Curtis George wrote:
Thanks for the info, I have discovered some interesting things recently. I went ahead and reverted to Fedora 9 since I knew that one worked for me and found that the IRQ is being shared by the same 3 devices. I then updated the kernel on Fedora 9 to 2.6.27 (which is also what Fedora 10 starts out with) and got the same IRQ disabled messages and sure enough my computer locked up within a few minutes of booting that kernel. Luckily I still had the 2.6.25 kernel installed, so I booted into that one instead.
Does this mean there is a possible problem with the 2.6.27 kernel? What is the actual cause of this problem?
If you do a google search on Linux IRQ Disabled you will find that this problem has existed in various forms without identifying the actual cause. I should mention that I cannot move around my devices (they are either builtin or using the only compatible slot). I also do not have a disable PnP OS option in BIOS. I also saw a suggestion to change the SATA mode to AHCI in BIOS instead of IDE, but I don't have that option either (for me only RAID or non-RAID). This worked from some, but I think in their case the ata device was involved in the interrupt that was being disabled.
Likely, if there's no more serious problem than the message folk don't
notice it and/or simply ignore it.
Do you have an option to change IRQ assignments in the BIOS?
I don't recall that you've mentioned anything about the hardware. There
are some pointers in my sig to "asking good questions." Many problems
arise on a small set of hardware or in rare circumstances. You are our
eyes, and if you don't give us the information we're blind, and a lot of
people will ignore you.
- Curtis George
Date: Sun, 4 Jan 2009 21:03:14 +0900
From: debian@xxxxxxxxxxxxxxxxxxxxxx
To: fedora-test-list@xxxxxxxxxx
Subject: Re: IRQ Conflict
Mick M. wrote:
I'm guessing that when I installed Fedora 9 with all
the USB unplugged that is chose differet IRQs so there was
no confilict (I'm not sure though). I can't
manually set the IRQ on any of these devices, it seems to be
up to the OS to choose. Any ideas on what is causing this
or how to fix it?
- Curtis George
Hi;
try moving cards around to different slots.

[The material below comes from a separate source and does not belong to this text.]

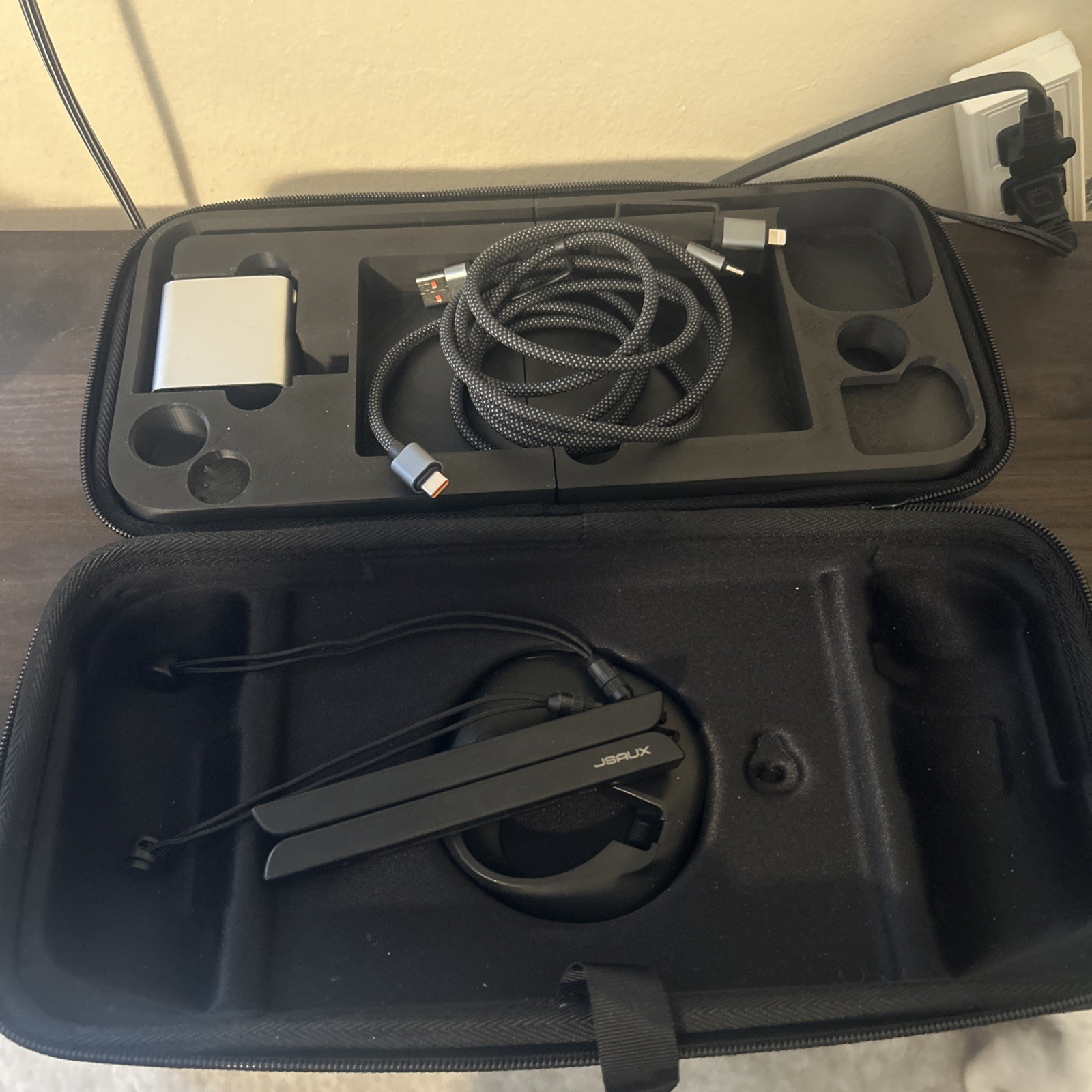Lenovo Legion Go Handheld PC 1TB read bottom of description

Some motherboards assign irq's to specific slots.
Then some cards only work with certain irq's.
On bootup you may see what irq goes where.
You may be able to play in the BIOS to help out.
PCI interrupts are supposed to be sharable. There are four interrupts,
INT#A through INT#D which can be mapped to ISA interrupts any way the
BIOS or OS likes.
If the PCI interrupts on your system are not sharable, then the system's
broken.
If your BIOS has asks about a PnP OS, change it and try that. Generally,
I say I have one, have said so since 2.4 kernels.
If that does not work, say "no" and try assigning some IRQs in the BIOS.
Shuffling cards might help, but most of my systems' PCI slots are empty.